Childs decision to join the board of trustees in September 2000 was born out of her frequent visits to the library with her children. Childs, who homeschooled her kids, was a regular patron and caught the attention of then library director Krista Kloepper.
“You seem to love the library, would you like to join the board?” Kloepper asked.
Because her busy schedule revolved around her children’s schooling, serving on the library board seemed to be one of the few ways that Childs thought she could give back to her community. She said yes.
Nineteen years later, the process for serving on the library’s board of trustees is more official. Prospective candidates must sign an initial online volunteer form and interview with the mayor.
While technically four official board positions must be filled—president, vice president, secretary and treasurer—the board’s six trustees maintain a relative lack of hierarchy, resulting in what Childs describes as a friendly and noncompetitive environment for decision making. Childs, who stepped into the role of president in 2016 after serving as vice president for eight years, holds the primary responsibility of running the board’s monthly meetings, as well as serving on the buildings and policy committees.
According to Childs, the challenges faced by the board throughout her time serving have been more a reflection of the cultural challenge of adapting to technology’s presence in library work.
“Some people wish that the library was still the way it was from when they remember it; they want it to be a quiet place with all books,” she said.
The largest project during Childs time as a trustee is the current redevelopment project—estimated to begin in fall 2019—that will redesign the library’s layout and functionality.

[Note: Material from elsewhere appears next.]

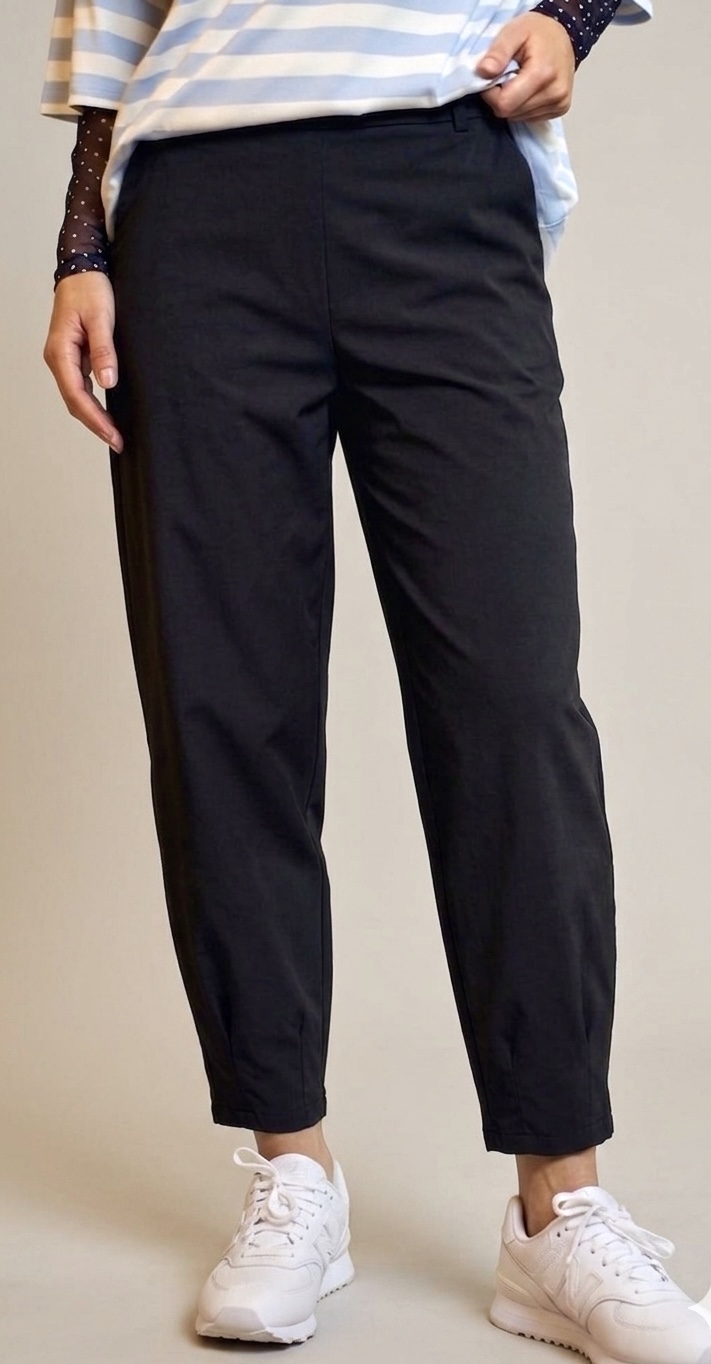 BEATE barrel pants - black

She sees the plan as accommodating the varied needs of the library’s patrons, especially in a time when technology is increasingly present in daily life.
“We really have to ask, ‘What is the library’s purpose and role right now?’ It’s not just a place to hold books and materials anymore,” she said.
Childs said the library has become more of a community meeting place, where groups and individuals gather for activities such as business meetings, job interviews and study groups. At the same time, many frequent the library for its quiet spaces. Much of the redevelopment plans were born from patron feedback, with noise level being one of the primary complains that the library receives.
“We are looking at different ways to accommodate different people’s needs,” Childs said, adding: “Even if the feedback isn’t always positive, it’s helpful to hear.”
Childs sees the future of the library as bright, as long as it continues to evolve with the changing needs of the community. The library also recently partnered to bring social work interns from Loyola University to work with patrons and help those who need more personalized advice.
It is these types of innovations, which provide patrons with increased access to knowledge, that motivate Childs to continue her service on the board. According to Childs, the financial accessibility of the library is essential, as was exemplified during the financial downturn of 2008, when library patronage starkly increased.
“I love the access that the library provides everyone to things that they might [not] have on their own. Keeping that available to everyone is my priority,” Childs said.